AIM OF THE EXERCISE: Extract, exactly and without pictures, every line from the one that includes "Toyota Hilux Surf 2" through the final line of the material below.

DATA IN THIS EXERCISE:
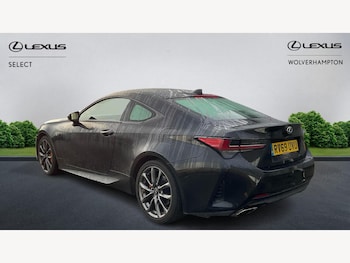 Used Lexus RC 2019 for sale - 77255257: Photo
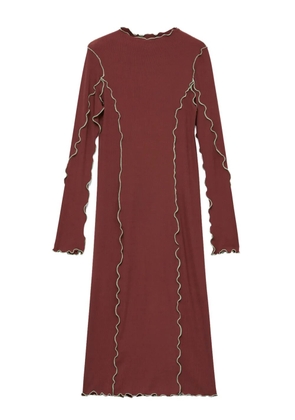 Rodebjer Gabrielle dress - Brown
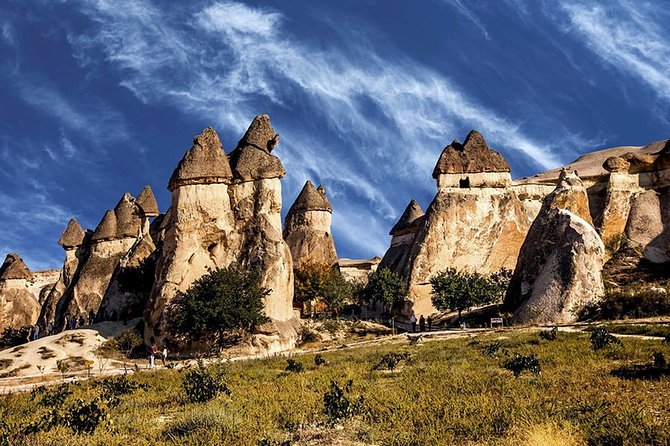 Full day Cappadocia red tour with lunch - Göreme Panorama to finish the route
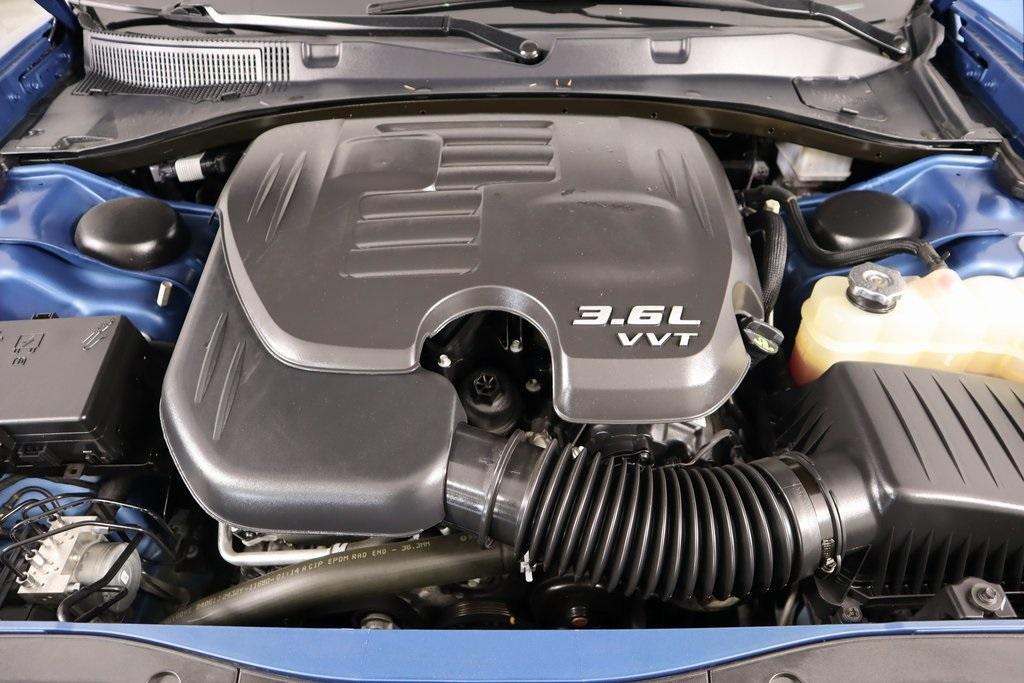 used 2022 Dodge Charger car, priced at $23,998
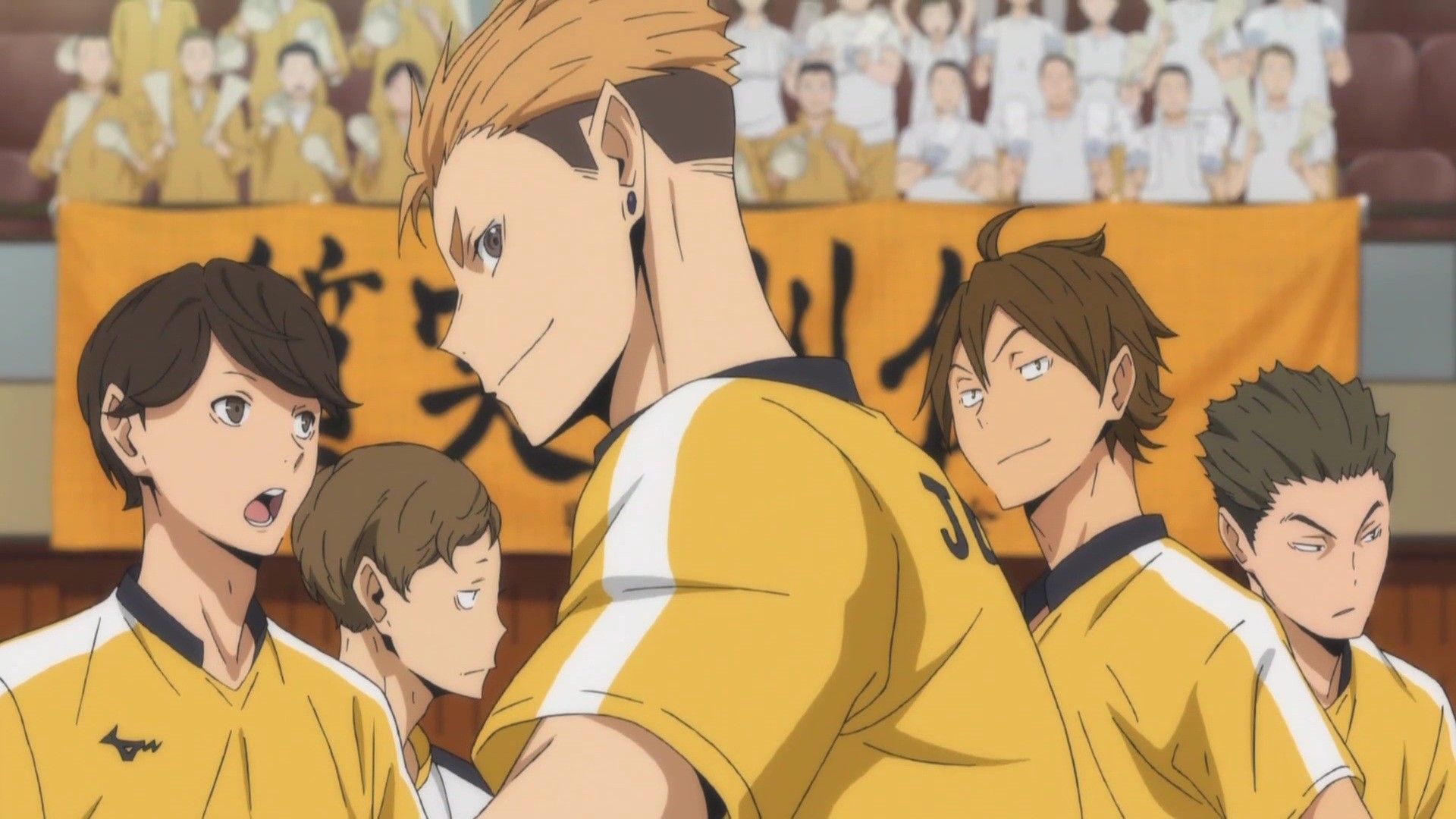 Johzenji. Haikyuu!!. Haikyuu anime .com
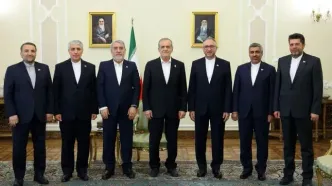 گسترش همکاری‌ها با کشورهای مختلف، ایران را در برابر تکانه‌ها مقاوم می‌کند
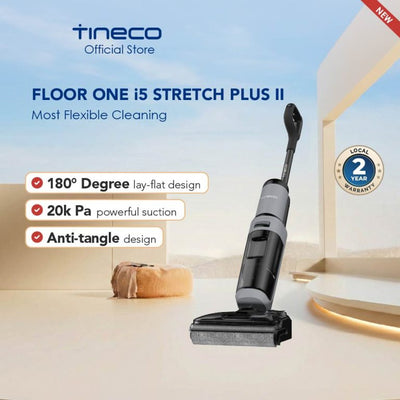 Tineco I5 STRETCH PLUS II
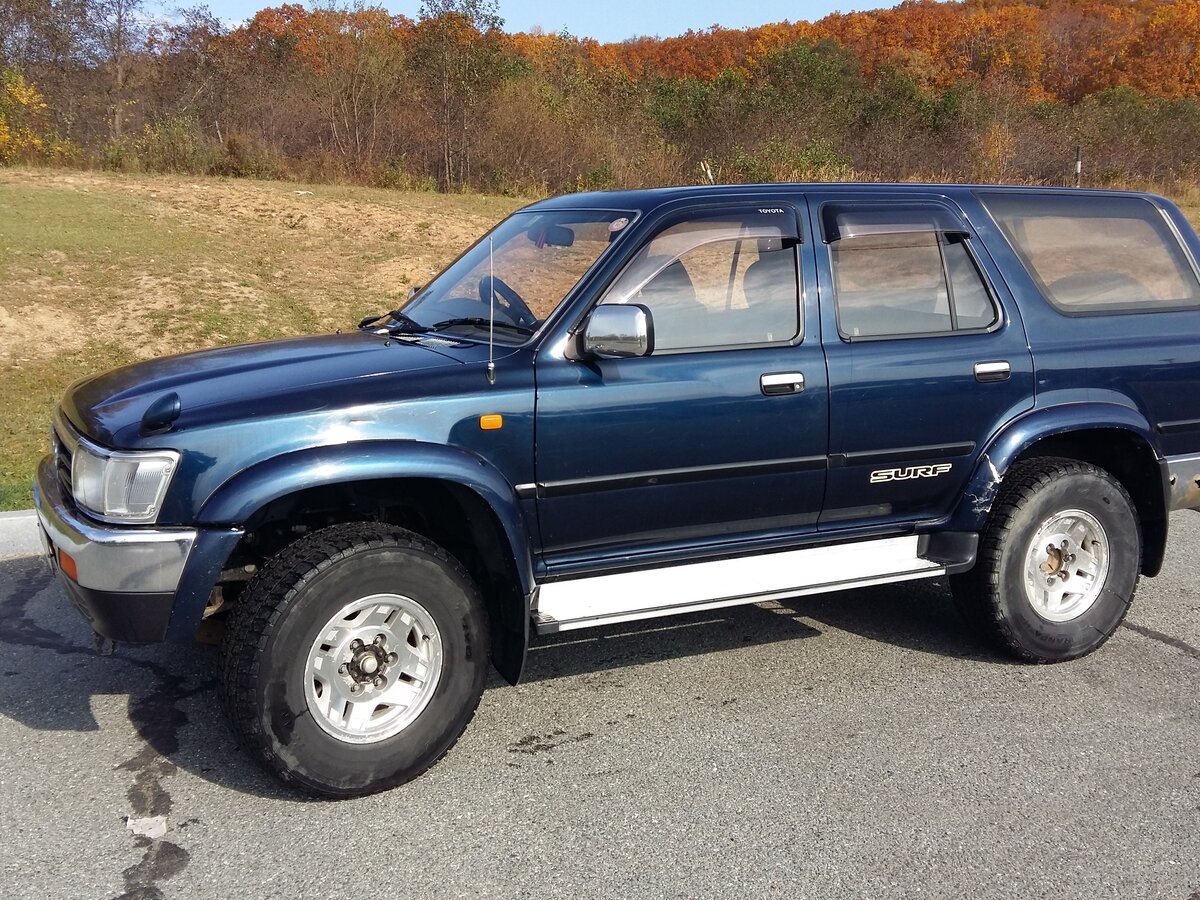 Toyota Hilux Surf 2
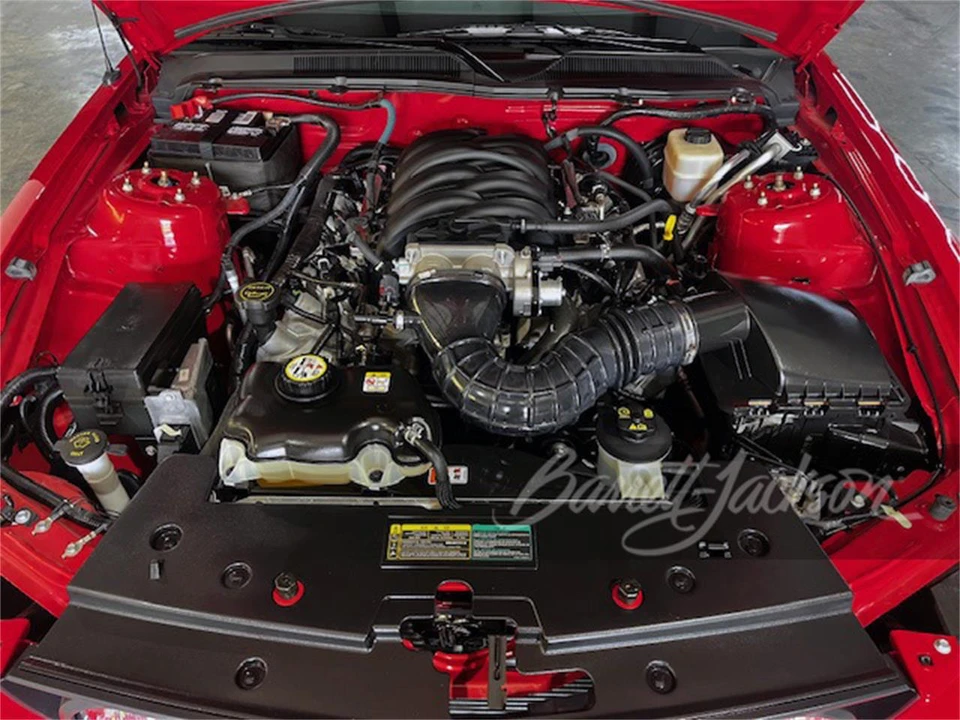 2008 Ford S197 Mustang GT - Image 5 of 5
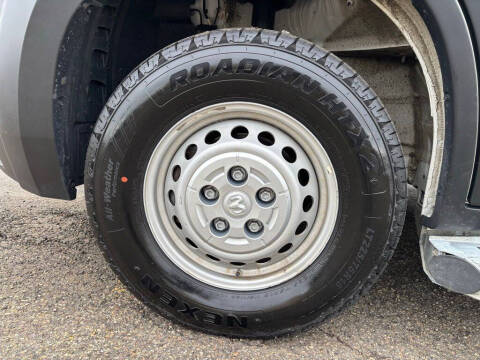 2025 RAM ProMaster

WRITTEN REPLY:
 Toyota Hilux Surf 2
 2008 Ford S197 Mustang GT - Image 5 of 5
 2025 RAM ProMaster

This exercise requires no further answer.